Time passes, and the tale moves on. A demon who was once good but has become crazed appears in the mountains near her secret base. As it moves to attack her, the girl is saved by a mysterious young man using a strange crystal. He introduces himself as Shun, thanks her for listening to the last song, then blesses her with a kiss. She blushes and hurries off, promising to meet with him the next night, but he is not there, and she hears rummers of his death. Confused by and initially in denial of this news, she becomes fascinated by a reading of the Kojiki on Izanagi’s attempt to bring his partner back from the underworld. After school she visits the home of the substitute teacher, Morisaki, to ask him more about the underworld. In response he shows her books that claim that the underworld is real, but quickly sends her home. Returning to the outcropping she finds a boy who looks almost identical to the one who had died, yet he denies that he is Shun.
The world is thrown into chaos as helicopters and soldiers appear, firing at and trying to capture them.
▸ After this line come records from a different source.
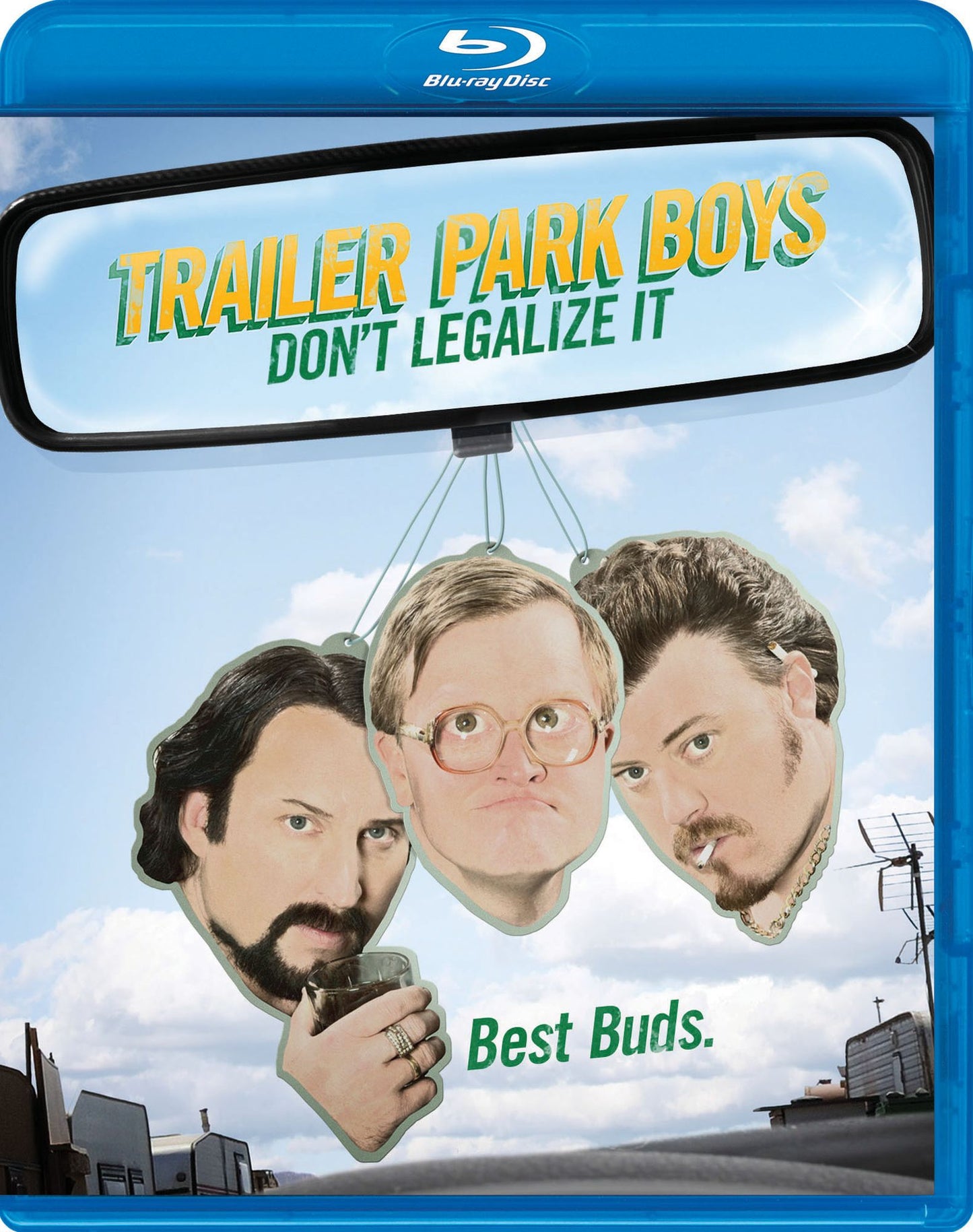 Trailer Park Boys: Don't Legalize It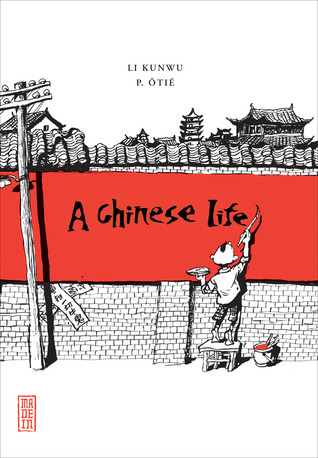 Book cover for A Chinese Life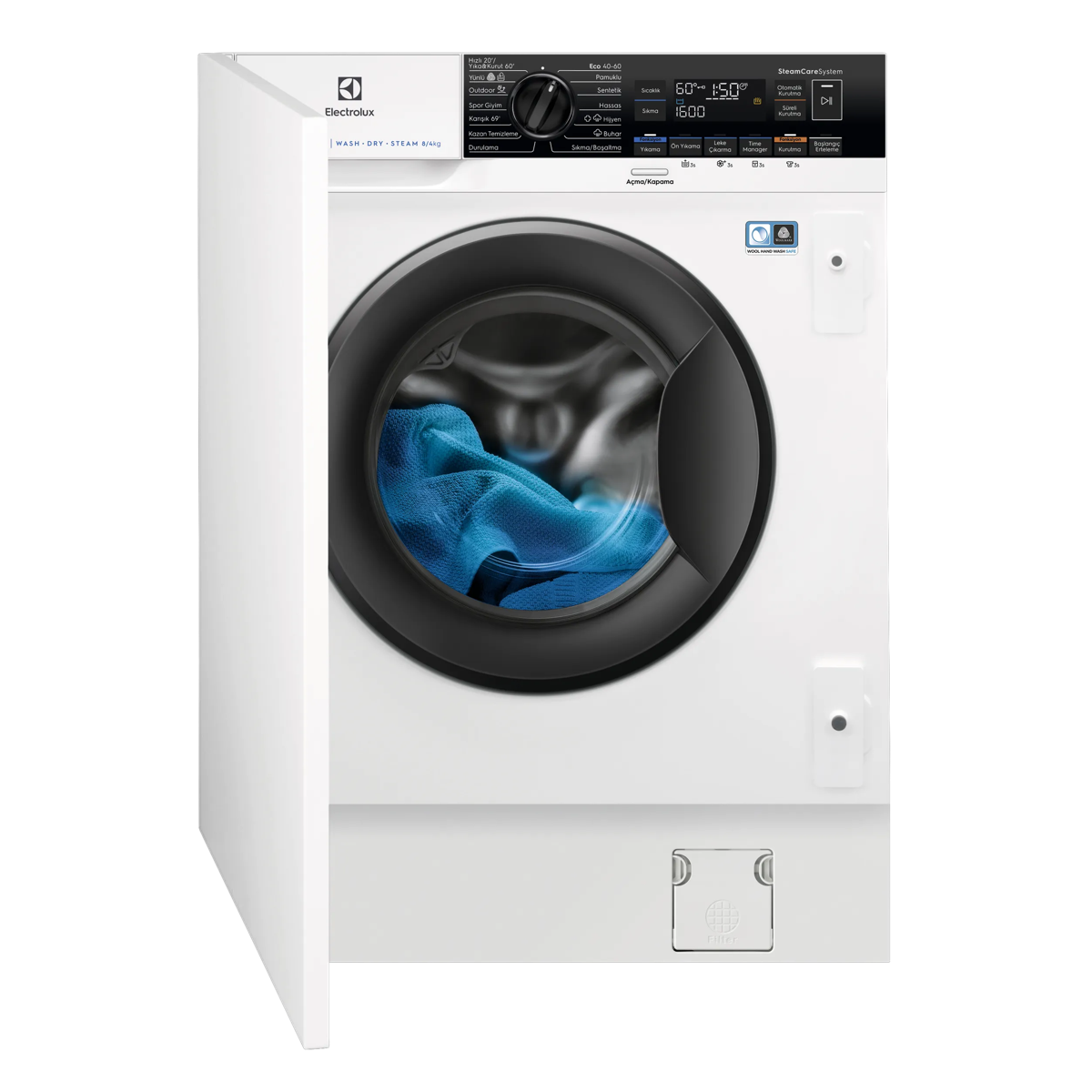 Electrolux EW7W368STI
The boy drags her along with him into deep caves below the earth. She makes her way with him to the underworld using Shun’s crystal, the key to the underworld. With them sneaks in the substitute teacher who was a part of the military forces that were pursuing them. They split up, with the young boy who revealed himself to be Shun’s younger brother, Shin, taking the crystal back to his village.
The underworld is a beautiful land of green fields and blue skies, but covered with ruins. Its inhabitants have seen torture and destruction at the hands of world leaders who over time sought the powers they believed the underworld held. Morisaki, who seeks to revive his dead wife, she crosses the great plains towards the center of the underworld where the gate to the dead lies. They pass by many a village in ruin, although some remain healthy. All the while Asuna is accompanied by Mimi.
They are soon pursued by Shin and the guards of other villages sent to prevent the duo from destroying the order of things and bringing back the dead. Skeletal demons too pursue them, coming out of the darkness to consume the outsiders. As they enter a boat to go down the river for second to last stage of the journey, Mimi stays behind. An elder of the underworld explains that she is a demon whose mission it was to protect the girl, and now her task was over.
Devastated and in tears, Asuna leaves Mimi and travels down the river. Faced with the final task of climbing down a giant hole that appears miles wide and continues down far below the point where light fails to reach, she loses her will. It is here that she comes to the discovery that the reason she made the journey was out of loneliness.
Worried about the fate of Morisaki and with Shin frightened of the repercussions of reviving the dead, they travel together to the land within a black orb at the bottom of the whole. There they encounter Morisaki, who is informed by God that if he wishes to revive his dead wife he will have to both sacrifice his eye and find a vessel for her spirit to inhabit. He chooses the girl, and his wife’s spirit takes the girl’s body, reforming it to reflect her own form. She tells him that he should be happy, and Shin breaks the crystal used to transport the teacher’s wife’s body into the girl’s.
In the end the teacher leaves, Shin is no longer recognized by his village but also cannot survive in the human world, and the girl returns home.